Former Auschwitz guard dies days before opening of trial

Ernst T., a 93-year-old German who served as a guard at the Auschwitz death camp, escaped justice for the last time when he died last week – just days before going on trial. 

By: AP and World Israel News Staff

A 93-year-old German who worked as a guard at the Auschwitz death camp has died days before his trial was due to open.

Ernst T., whose full name wasn’t given in keeping with German privacy rules, allegedly played a part in the deportation of prisoners from Nazi transit camps in Berlin, Drancy in occupied France, and Westerbork in the occupied Netherlands.
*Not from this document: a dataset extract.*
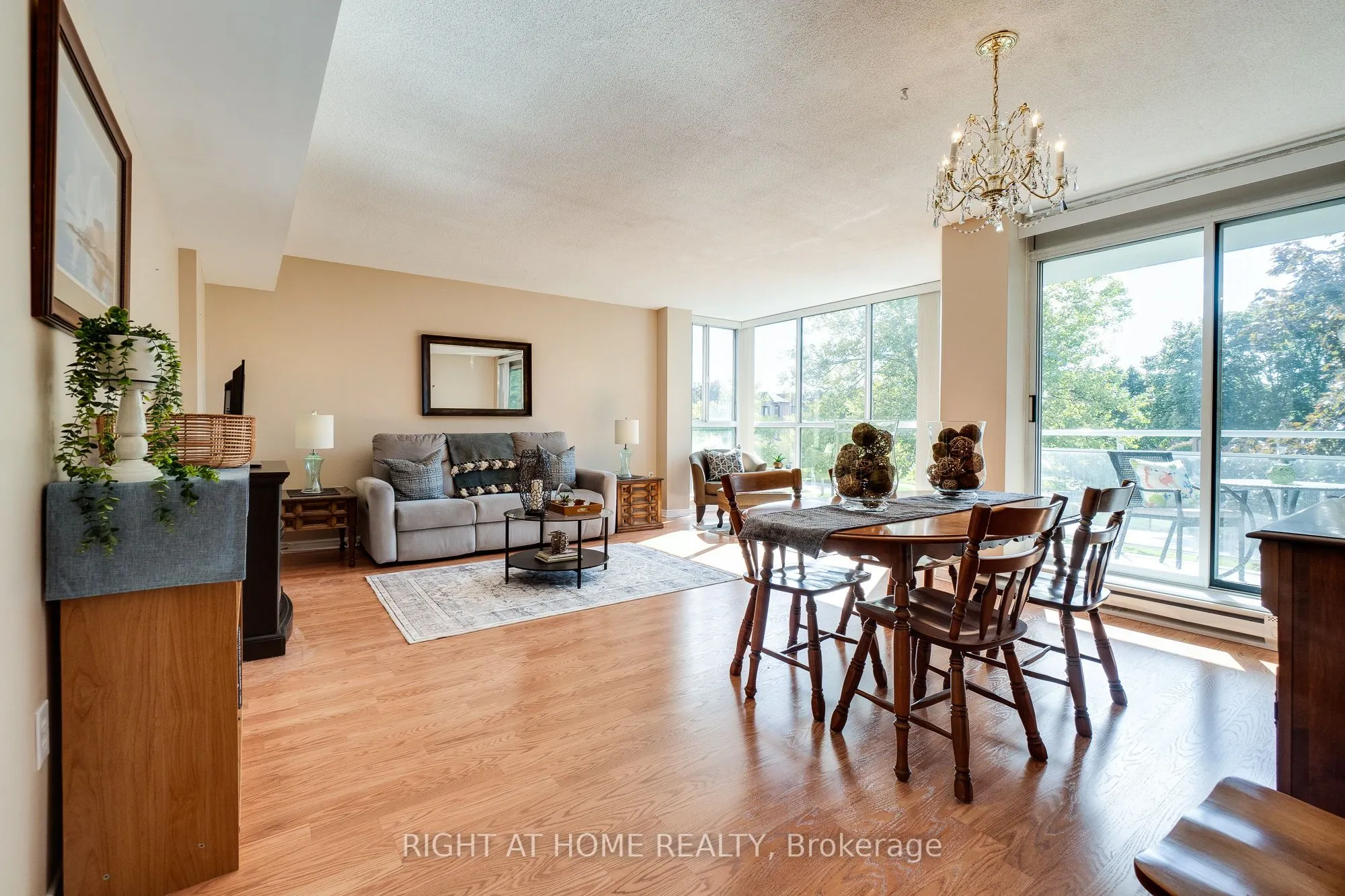 1071 Queens Avenue, #202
Prosecutors say at least 1,075 prisoners were gassed to death shortly after arriving at Auschwitz. The suspect allegedly was a member of the SS-Totenkopfsturmbann group and served as a guard in Auschwitz from Nov 1, 1942 to June 25, 1943.

The man was to go on trial next Wednesday at a court in Hanau, near Frankfurt, on charges of accessory to murder. The court confirmed his death Thursday.

Germany Rectifying Past Failures

German judicial authorities have in the past years made a final push to prosecute Nazi criminals, just before they escape justice for the last time, like Ernst T. did.

Read  Only survivor of 6,000 Jewish children deported from France dies, aged 97

This attempt to put another Nazi criminal on trial is one of the latest that follow a precedent set in 2011, when former Ohio autoworker John Demjanjuk became the first person to be convicted in Germany solely for serving as a camp guard, with no evidence of involvement in a specific killing.

The verdict vastly widened the number of possible prosecutions, establishing that simply helping the camp to function was sufficient to make one an accessory to the murders committed there. Before that, prosecutors needed to present evidence of a specific crime — a difficult task with few surviving witnesses and perpetrators whose names were rarely known and whose faces were often only seen briefly.

There is no question there were “some serious failures by the German judicial system in the past,” says Efraim Zuroff, the head Nazi-hunter at the Simon Wiesenthal Center. But “that doesn’t in any way change the validity of what’s happening now.”

“In a certain sense, you could say these people had the bad luck to live a long life,” he told the AP in a telephone interview from Jerusalem. “If they had died five years ago they would never have been going to trial.”